What to produce:
I would like the line with "18 Westminster Avenue, Shepparton VIC 3630" and every line after it, down to the end of the entries below, output exactly and without pictures.
───── Data to use ─────
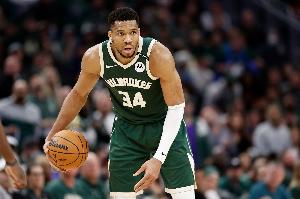 放開掄！字母哥賽季前三戰(zhàn)場均砍35+15+5 歷史首人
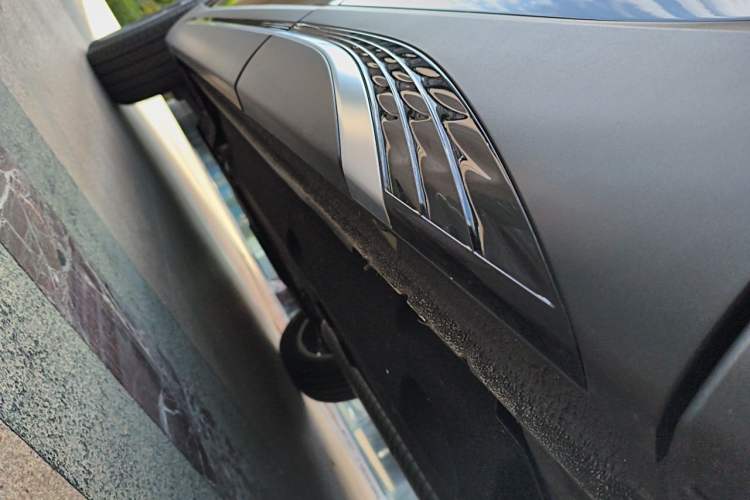 Used Hongqi HS5 2025 2.0T Two-Wheel Drive Flagship Pro Edition Chassis Rear Left
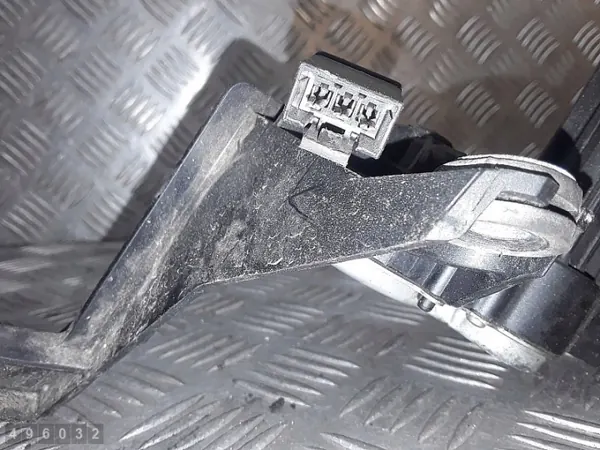 Motor limpa-para-brisas Opel Astra OEM 90559440 - Usado image 4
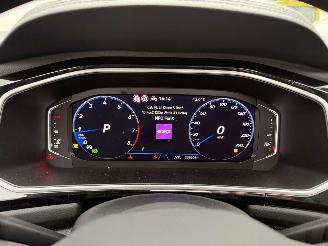 Volkswagen T-Roc 1.5 TSI R-LINE -DSG-PANO-CAMERA-KEYLESS picture 17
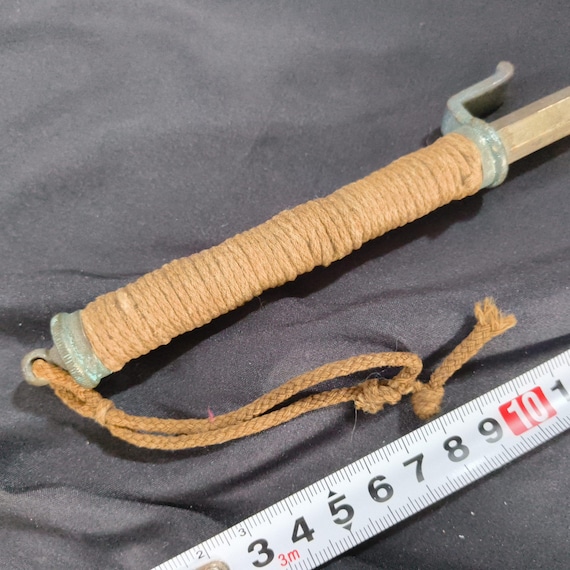 日本の伝統工芸品 十手兜割 取手付き 江戸時代風 コレクターズアイテム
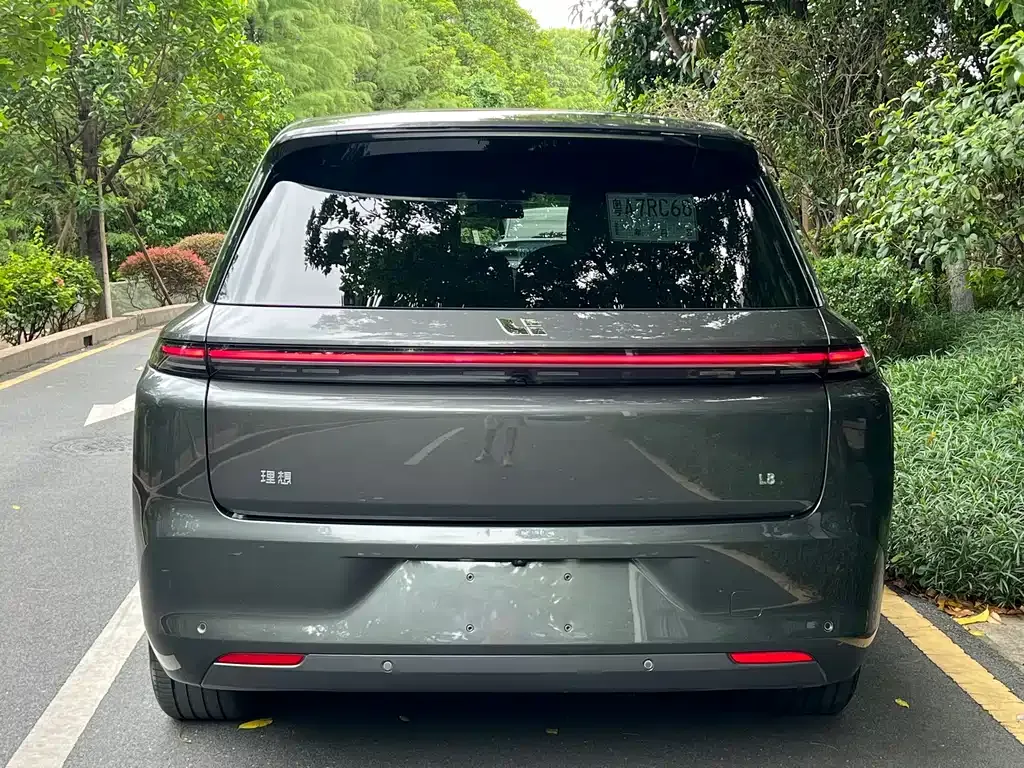 Li Auto L8 2023 из CN, фото 5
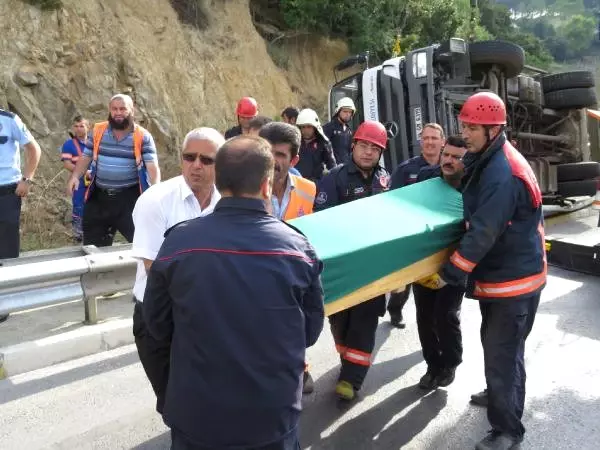 Beykoz'da Çöp Kamyonu Devrildi..1 Ölü.. Beykoz'da Çöp Kamyonu Devrildi..1 Ölü..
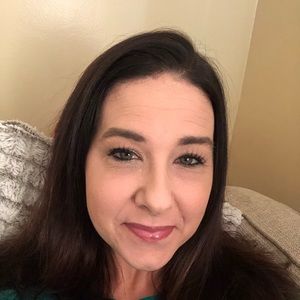 Meet your Posher, Amie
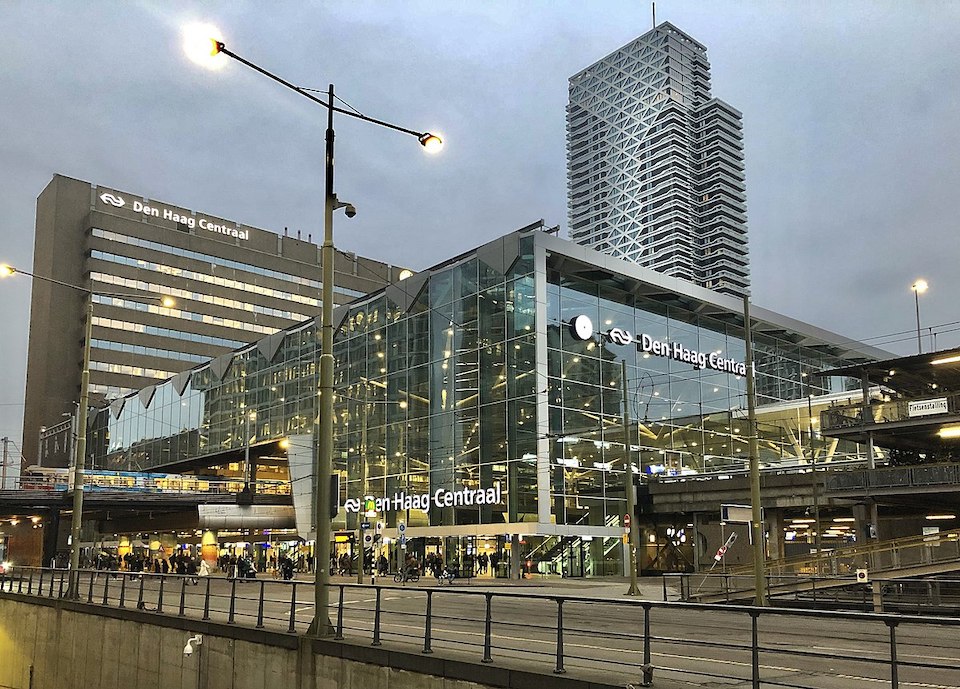 1Netherlands,_The_Hague_(Den_Haag),_Central_Station_01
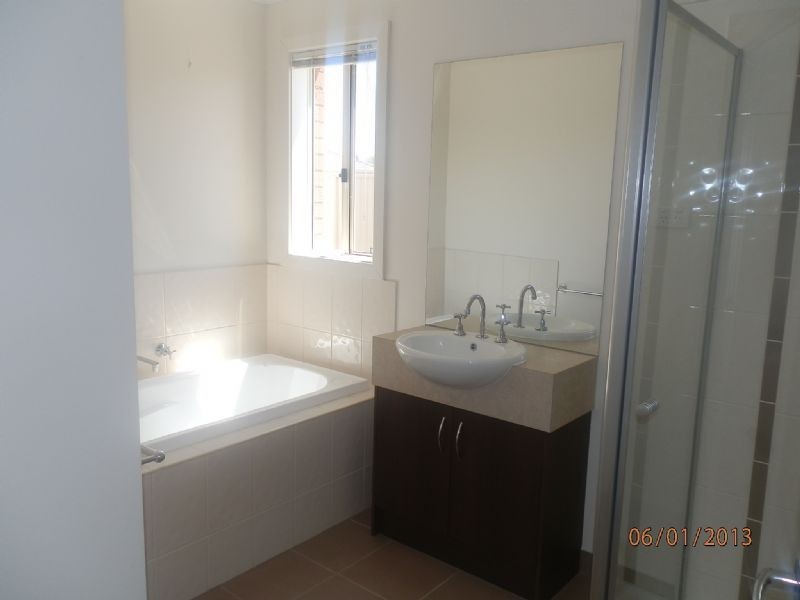 18 Westminster Avenue, Shepparton VIC 3630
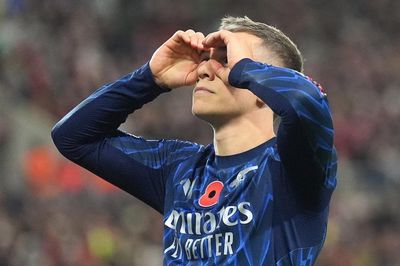 Arsenal đánh rơi chiến thắng ở phút bù giờ thứ 4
─────
Solution to the exercise:
 18 Westminster Avenue, Shepparton VIC 3630
 Arsenal đánh rơi chiến thắng ở phút bù giờ thứ 4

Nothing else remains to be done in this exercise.